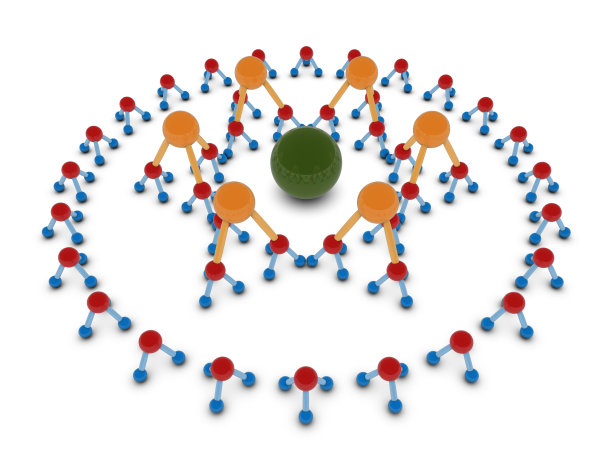 层次结构图片下载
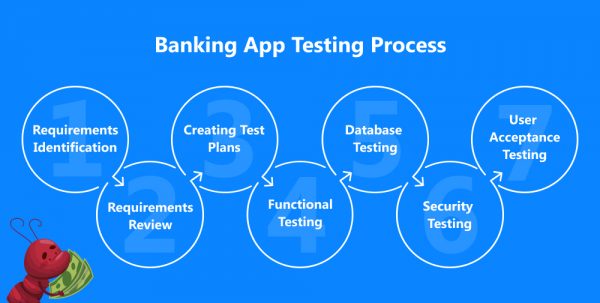 banking domain testing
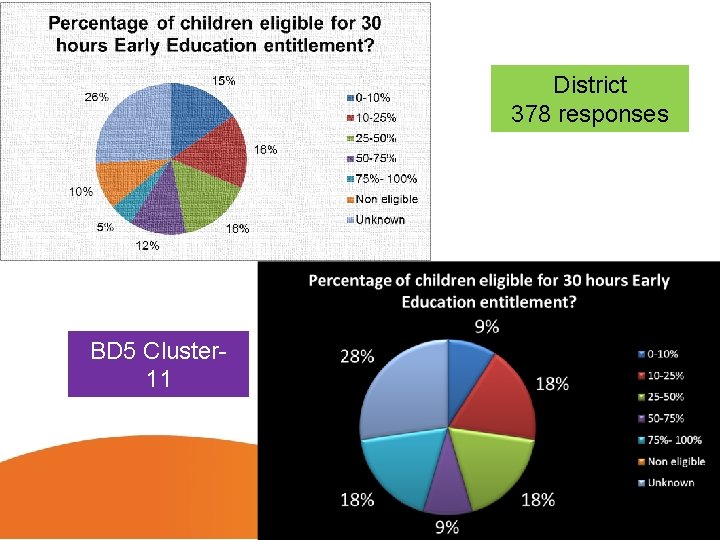 District 378 responses BD 5 Cluster 11 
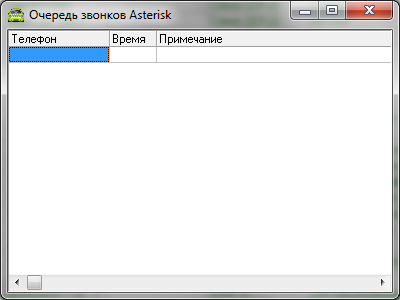 Файл:Окно Очередь звонков Asterisk.png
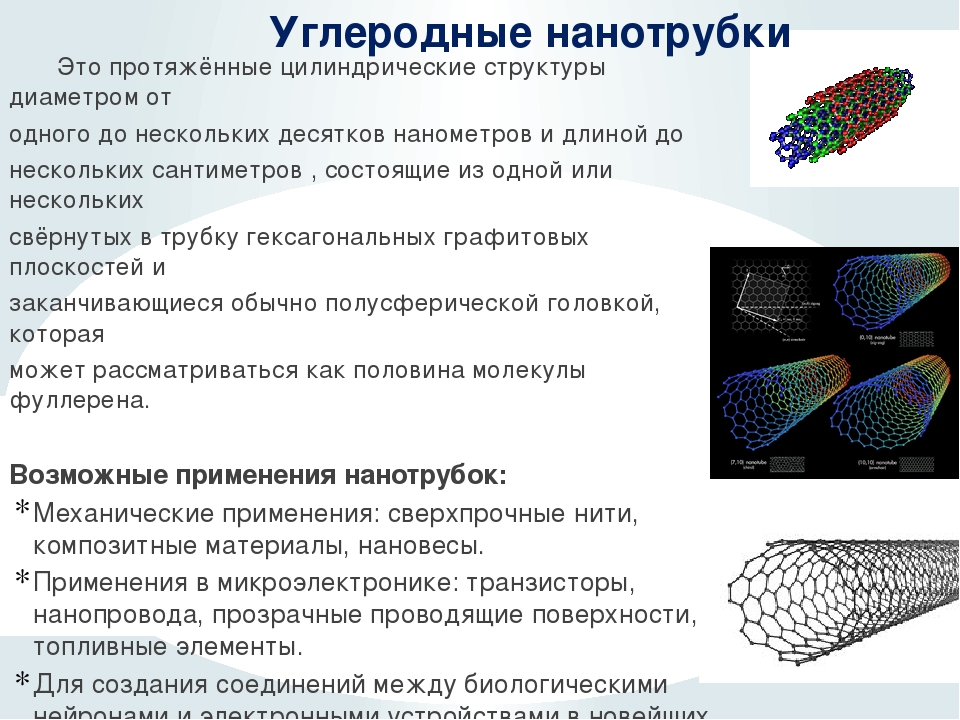 Углеродные нанотрубки: как в россии создают невозможные материалы |  новости сибирской науки
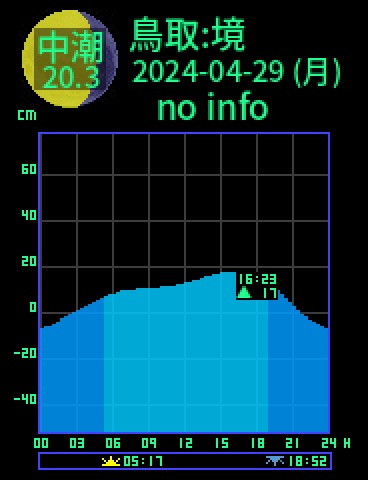 鳥取：境のタイドグラフ（2024-04-28(日)）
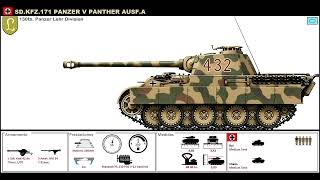 Sd.Kfz.171 Panzer V - Panther Ausf.A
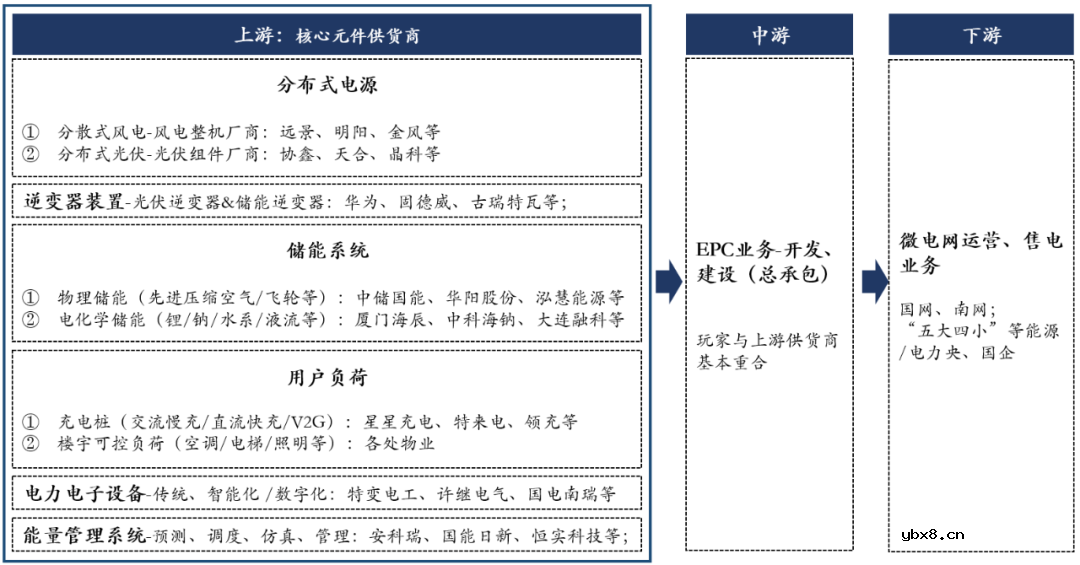 交流微电网运行架构 微电网市场格局分析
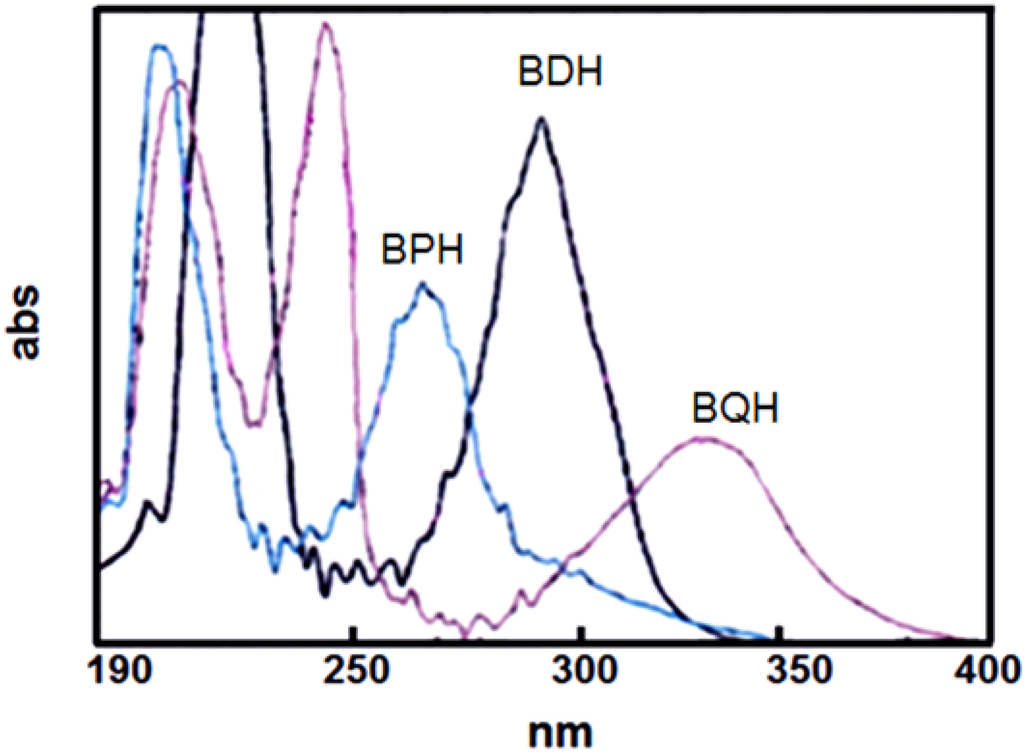 Materials 07 05581 g002 1024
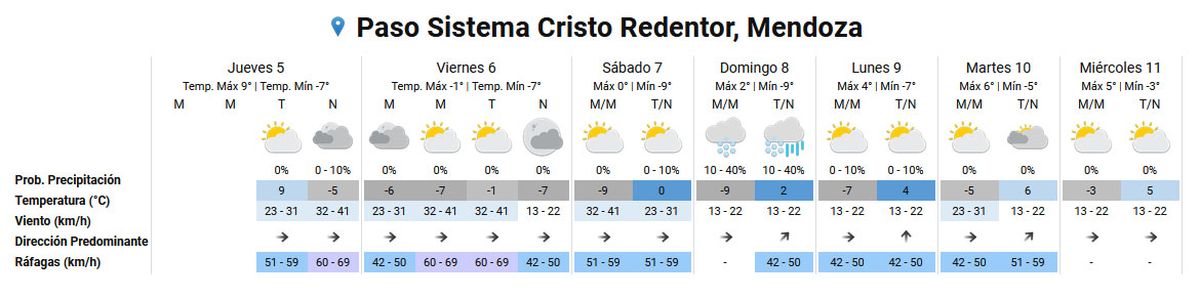 Pronóstico del tiempo en alta montaña según el Servicio Meteorológico Nacional. Pronóstico del tiempo en alta montaña según el Servicio Meteorológico Nacional.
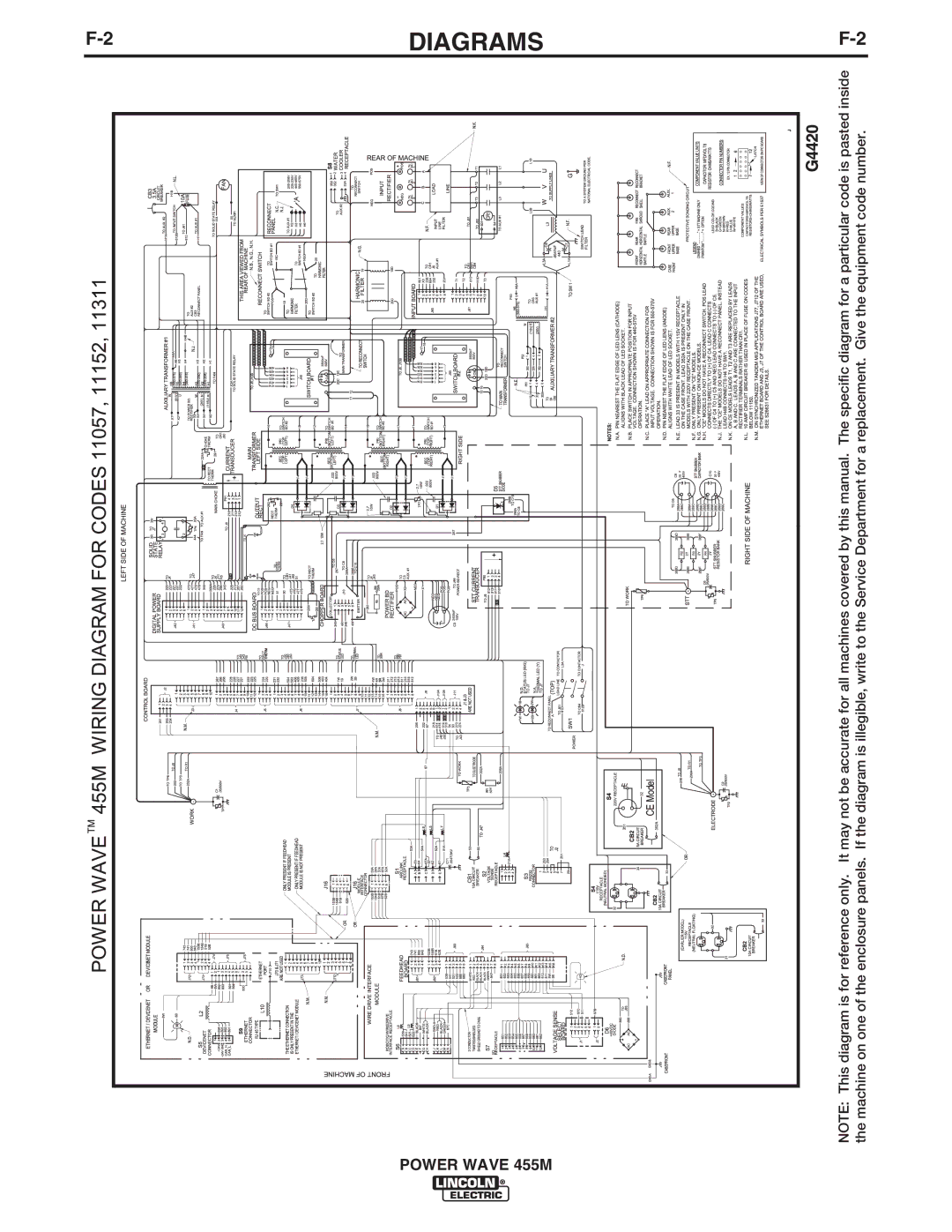 Lincoln Electric IM762-C manual Diagrams 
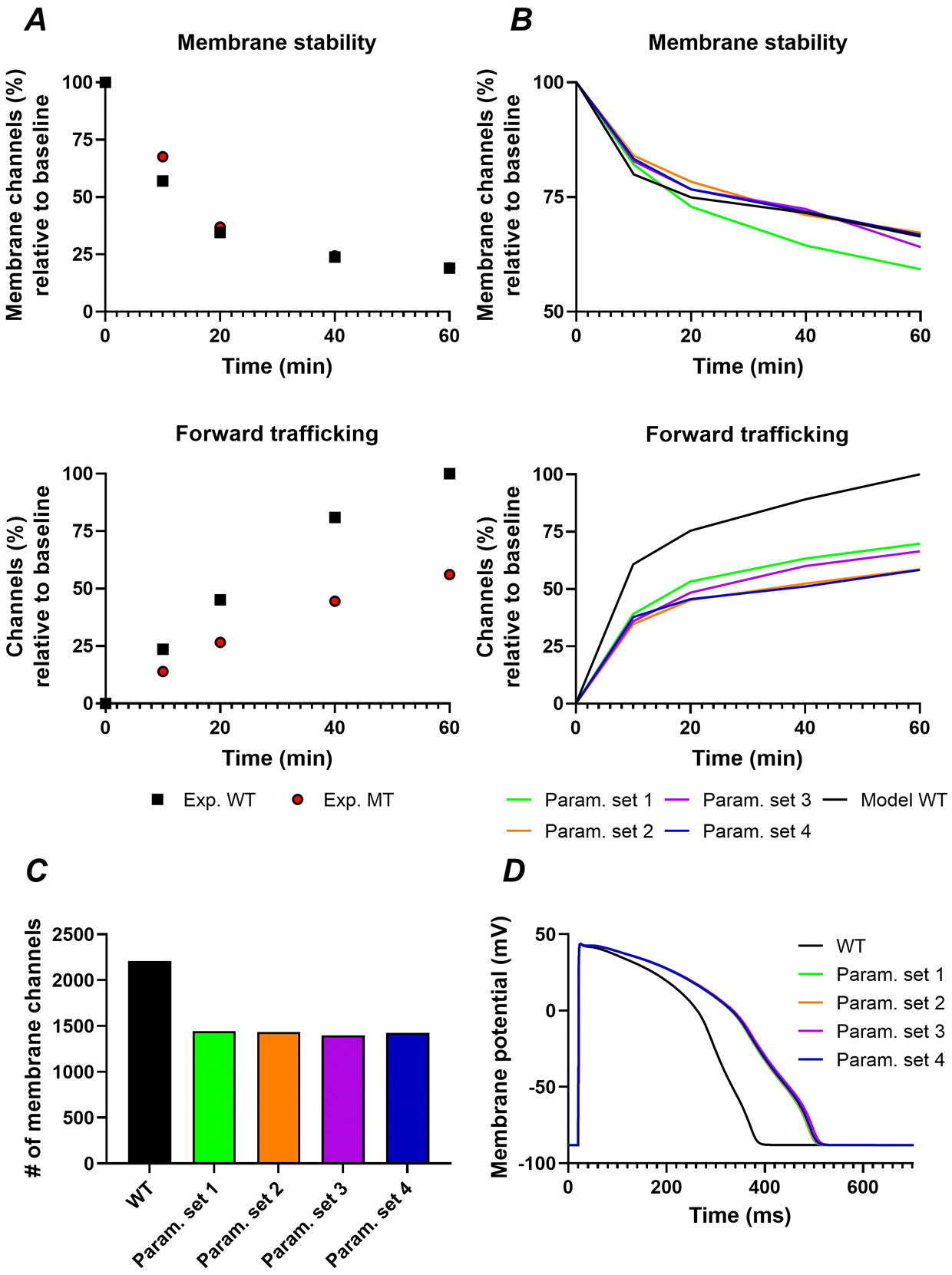 Figure 4.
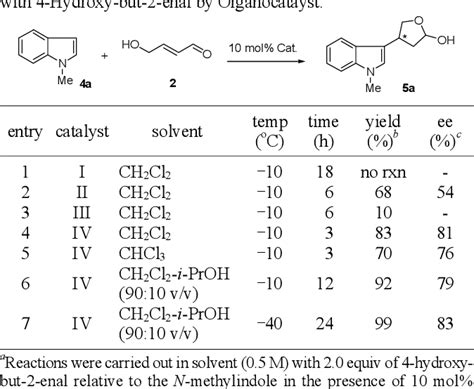 Table 1 from Organocatalytic Asymmetric Friedel Crafts Alkylation to γ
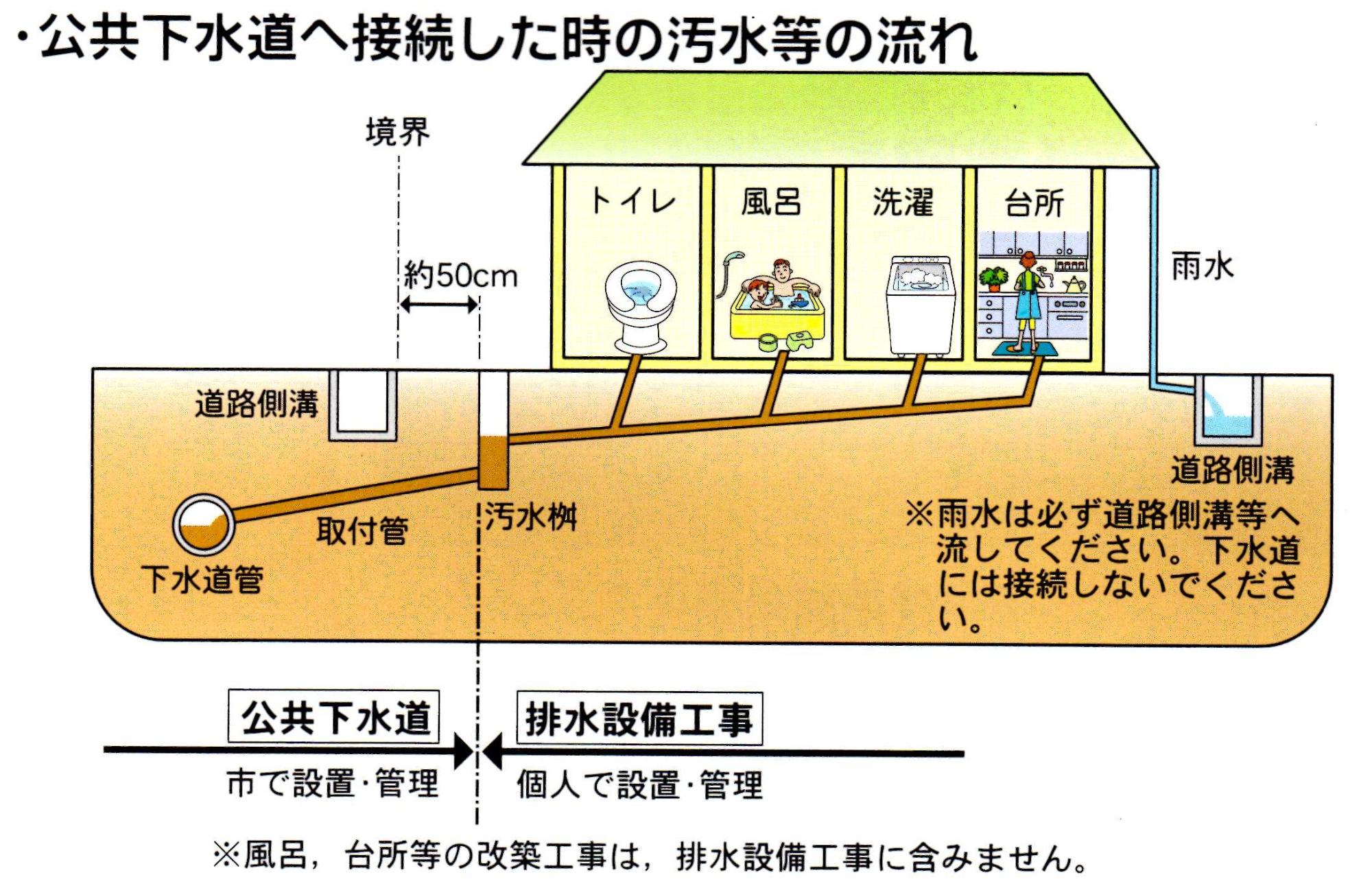 公共下水道へ接続した時の汚水等の流れの説明図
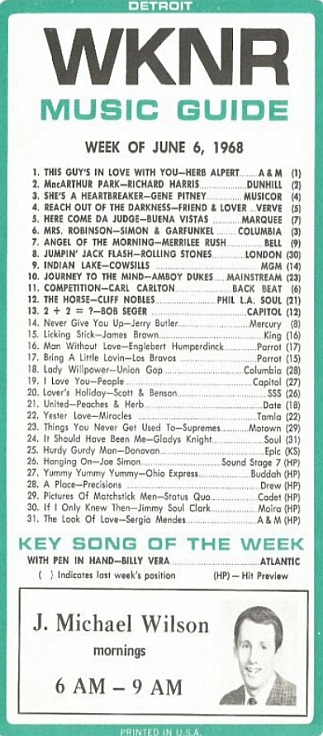 WKNR Music Guide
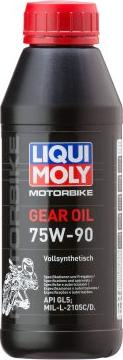 Liqui Moly 1516 - Трансмиссионное масло omsk.autopolka.ru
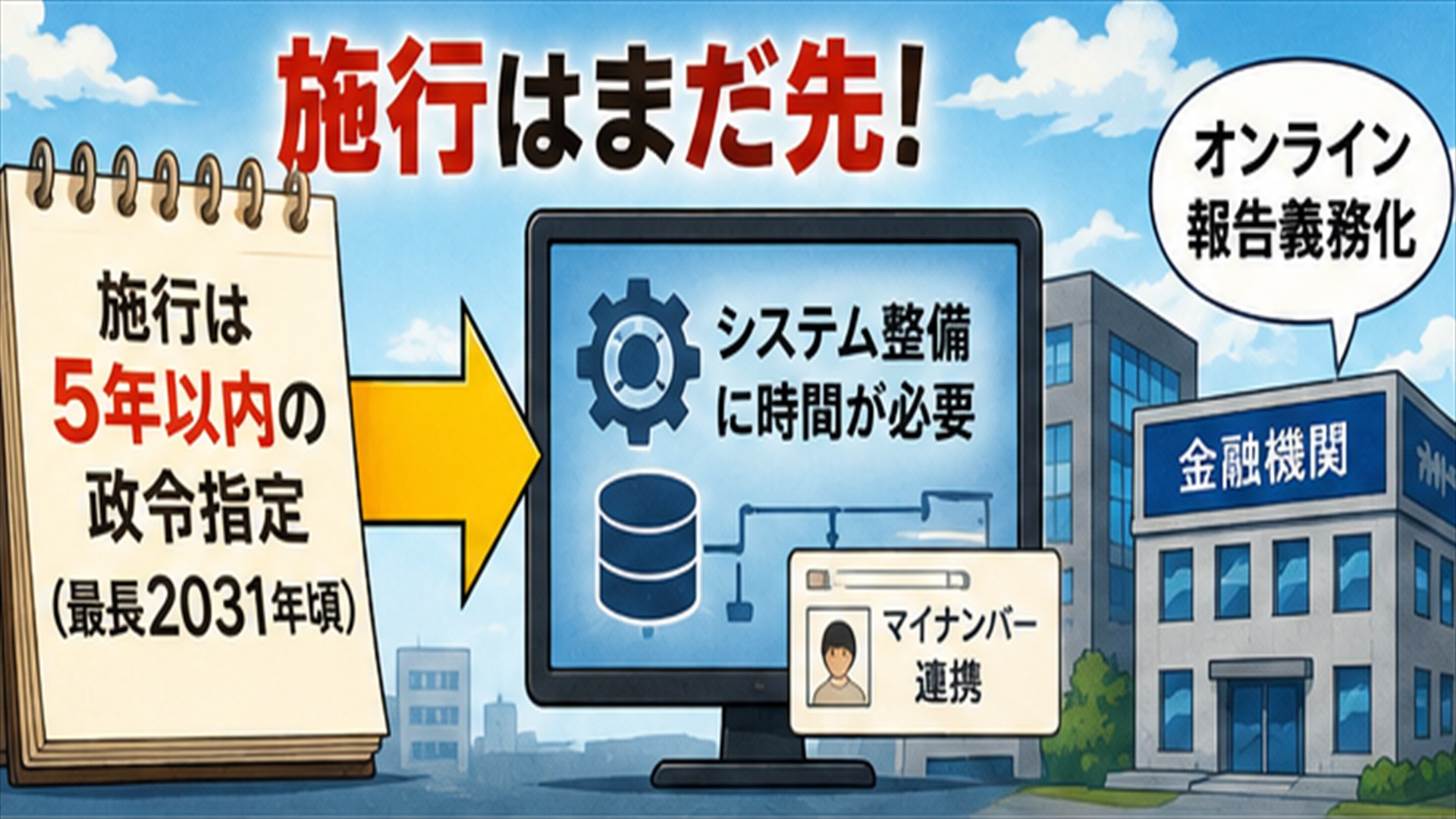 🤣特定口座の金融所得が社会保険料に反映?本当に心配すべき人はごく一部です 24 ChatGPT Image 2026年7月13日 16 44 54 コピー 3 1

· · · · · · ·

TASK OBJECTIVE
Make an exact copy of every record, pictures excluded.

EXERCISE OUTPUT
 层次结构图片下载
 banking domain testing
 District 378 responses BD 5 Cluster 11 
 Файл:Окно Очередь звонков Asterisk.png
 Углеродные нанотрубки: как в россии создают невозможные материалы |  новости сибирской науки
 鳥取：境のタイドグラフ（2024-04-28(日)）
 Sd.Kfz.171 Panzer V - Panther Ausf.A
 交流微电网运行架构 微电网市场格局分析
 Materials 07 05581 g002 1024
 Pronóstico del tiempo en alta montaña según el Servicio Meteorológico Nacional. Pronóstico del tiempo en alta montaña según el Servicio Meteorológico Nacional.
 Lincoln Electric IM762-C manual Diagrams 
 Figure 4.
 Table 1 from Organocatalytic Asymmetric Friedel Crafts Alkylation to γ
 公共下水道へ接続した時の汚水等の流れの説明図
 WKNR Music Guide
 Liqui Moly 1516 - Трансмиссионное масло omsk.autopolka.ru
 🤣特定口座の金融所得が社会保険料に反映?本当に心配すべき人はごく一部です 24 ChatGPT Image 2026年7月13日 16 44 54 コピー 3 1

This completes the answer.